On life, love, and losing a friend

Published 12:41 pm Monday, October 30, 2017

“No matter how prepared you think you are for death of a friend, it still comes as a shock, and it still hurts very deeply.”

– Billy Graham

I lost a dear friend this week. Well, Labor Day weekend, actually, but I only found out about their passing away this week, and actually quite by accident when I stumbled across some obituaries in a Chapel Hill newspaper.

Hold it. Didn’t I say a ‘dear friend’? If you’re wondering if I’ve misplaced those words, the answer is no. While we hadn’t spoken to one another in over 20 years – and there’s a reason for that – I’m left with a lifetime of precious memories along with the haunting of ‘what-if’.

I met Rebecca ‘Becky’ Ranson when I was in college at UNC. We both were Dramatic Art majors and in reality, we only collaborated on just a single theater project together.

Reflecting back, it’s one I’m most proud of – our work together in 1974 with the staging of the play, ‘The Wrong Horse to Ride’. You see, that play was performed by inmates at what was then the Orange County Correctional Institution in Hillsborough.
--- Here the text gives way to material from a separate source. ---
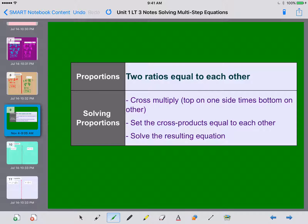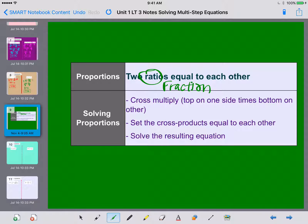Now let's take a look at proportions — a special way of solving equations. When solving proportions you have two ratios, which are really just fractions, set equal to each other, with nothing added or subtracted on the outside. To solve them, you use cross multiplication: multiply the top of one side times the bottom of the other, and the top of the other times the bottom of the original. Then set those two cross products equal to each other and solve the resulting equation.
We did it as a graduation project.

The theme of the play was choices: do you take the ‘heroin horse’ or fuel up with the horsepower of responsible behavior. The project began not with a prepared script, but rather a roundtable discussion of the inmate/actors relating their actual life stories; and then Becky, the playwright, would incorporate that into the monologues and dialogue of the performance. As for me, I tried my hand at dialogue coach; coaxing these ‘actors’ into just being themselves on stage. We knew their audience would get it, because they were it. And, talk about way, way, off-Broadway, it was only preformed twice, both times at the prison before an audience of inmates and guards. We both received an ‘A’.
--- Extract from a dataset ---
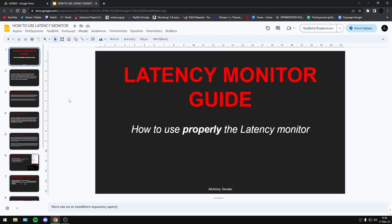Hello everyone. In this video I will show you my new Latency Monitor guide. This is basically my first try to make a guide.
Weeks later came graduation and we went our separate ways. I went on to a career in media while Becky remained in theater.

Even though she was the daughter of Carolina ‘royalty’ – her father was Hall-of-Fame UNC track coach Dale Ranson – Becky was an adventuresome soul, but always a Tar Heel forever.

Becky would go on to write dozens of plays, spanning themes of heart and humanity, often based in her own life experiences. One of her plays was named “Warren,” after a friend who died of AIDS in 1984. Significant because it was one of the first plays dealing with AIDS to be produced and it stood apart due to its highly personalized and loving tone and because it was written not only by a woman, but a woman from the South.

Other notable plays penned include “The Incarceration of Annie,” “Desperadoes: A Trilogy,” “Elmatha’s Apology,” and “Blood on Blood.” Her collected writings are now archived at Emory University in Atlanta where for a dozen years she co-founded SAME (Southeast Arts, Media and Education), and shepherd it for a dozen years. It led to her receiving the Robert Chesley Foundation Lifetime Achievement Award in 2004.

I’ll also remember her as “Brownie Broadway”, which we joked about in the all too infrequent times our paths would cross later in life. It was an inside joke on ‘The Great White Way’, pinnacle of American theater, and how neither of us ever made it there.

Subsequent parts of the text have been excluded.